Онлайн-тора Онлайн-тора (Torah Online) Букник-Младший JKniga JKniga Эшколот Эшколот Книжники Книжники
Георгий Эдельштейн: «Все вокруг врут, если еще попы начнут врать, что же тогда будет!»
Елена Поляковская  •  25 июля 2013 года
Священник Русской православной церкви, в котором течет еврейская и польская кровь, сын члена ВКП(б) и отец спикера израильского Кнессета Георгий Эдельштейн — о бегстве в церковь из Советского Союза, о смерти Сталина и приеме у Рейгана, о тракторной мастерской в храме и о депутатах Госдумы.

Священник Русской православной церкви, в котором течет еврейская и польская кровь, сын члена ВКП(б) и отец спикера израильского Кнессета Георгий Эдельштейн — о бегстве в церковь из Советского Союза, о смерти Сталина и приеме у Рейгана, о тракторной мастерской в храме и о депутатах Госдумы

фото: http://vk.com/mychurch
Как вы относитесь к тому, что ваш сын Юлий стал спикером израильского Кнессета?

— Положительно. Хотя я не очень люблю и политику, и политиков.
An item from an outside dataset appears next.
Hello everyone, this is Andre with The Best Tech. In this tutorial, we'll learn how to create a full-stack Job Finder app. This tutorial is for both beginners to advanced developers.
Когда Юлик эмигрировал в Израиль и только начинал заниматься политикой, они с Натаном Щаранским организовали партию «Исраэль ба-Алия». И на телевидении кто-то из журналистов задал ему вопрос обо мне: «Правда ли, что у вас отец православный священник?» Он ответил, что это действительно так и что он ничего не скрывал. Ему это очень помогло. Все 80 лет у меня был один принцип — я считаю, что это личное дело каждого, что любить и в какого бога верить. То же самое относится и к Юлику, и к моему младшему сыну Мише (он литературовед, живет в Москве). Когда я до этого был в Израиле, то жена Юлика Таня была очень недовольна тем, что я хожу в рясе и даю интервью русскоязычным и англоязычным изданиям. Она сказала, что я порчу сыну карьеру. Но я думаю, что священнику лгать не самое правильное. Все вокруг врут, если еще попы будут врать, то что же тогда будет!

Юлий приезжает к вам сюда, в Карабаново? (Отец Георгий — настоятель храма Воскресения Христова в селе Карабаново Костромской области. — Прим. ред.)

— Когда он стал министром, я его спросил, почему он не приезжает. И он ответил: «Папань, тебе охота кормить двух наших охранников и двух российских? Меня же никто одного не оставит». Но когда Юлий был вице-спикером Кнессета, он приехал с внуком Сэфиком, и они здесь у нас жили. Потом Юлик уехал, а Сэфик остался еще на две недели. Он попросил, чтобы я ему купил собаку, что я сразу же сделал. Потом, уже в Израиле, Сэфик сказал родителям: «Вот я у вас два года просил собаку, а дед в первый же день купил. Вот какой дед хороший». Но Юлику тоже здесь нравится.

А младший сын Михаил часто приезжает из Москвы?

— Миша приезжает регулярно. Но у него сейчас маленький ребенок, поэтому в последнее время немного реже.

Как вы воспитывали сыновей?

— Я их не воспитывал. Воспитывать можно своим примером. Если сын знает, что ты не воруешь, я думаю, он не будет воровать.


Ваши предки евреи и поляки, почему вы стали православным священником?

— Я ушел в церковь не потому, что я тогда был сознательным христианином, и не потому, что понимал разницу между православием и католицизмом. Мне просто не хотелось жить в Советском Союзе. А куда можно удрать? Мне казалось, что церковь — это то место, где хотя бы чуть-чуть нет нашего родного советского правительства. Потом я убедился, что и там коммуняки достают не хуже, чем в любом другом месте.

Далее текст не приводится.